*What you are asked to do*
Please print exactly the lines running from the one that contains "Original EU Plug" to the end of the data, with both lines included.

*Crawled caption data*

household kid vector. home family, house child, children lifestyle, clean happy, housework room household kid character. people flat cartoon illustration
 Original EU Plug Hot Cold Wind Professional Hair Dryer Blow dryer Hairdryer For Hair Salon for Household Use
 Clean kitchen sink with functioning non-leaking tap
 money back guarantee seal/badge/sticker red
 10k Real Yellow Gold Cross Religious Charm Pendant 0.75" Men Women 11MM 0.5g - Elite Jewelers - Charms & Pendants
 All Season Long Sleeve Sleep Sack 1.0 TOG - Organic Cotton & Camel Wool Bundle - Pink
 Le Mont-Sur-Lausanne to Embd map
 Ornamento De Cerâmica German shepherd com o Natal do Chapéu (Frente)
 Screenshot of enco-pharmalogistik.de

*Expected answer*
 Original EU Plug Hot Cold Wind Professional Hair Dryer Blow dryer Hairdryer For Hair Salon for Household Use
 Clean kitchen sink with functioning non-leaking tap
 money back guarantee seal/badge/sticker red
 10k Real Yellow Gold Cross Religious Charm Pendant 0.75" Men Women 11MM 0.5g - Elite Jewelers - Charms & Pendants
 All Season Long Sleeve Sleep Sack 1.0 TOG - Organic Cotton & Camel Wool Bundle - Pink
 Le Mont-Sur-Lausanne to Embd map
 Ornamento De Cerâmica German shepherd com o Natal do Chapéu (Frente)
 Screenshot of enco-pharmalogistik.de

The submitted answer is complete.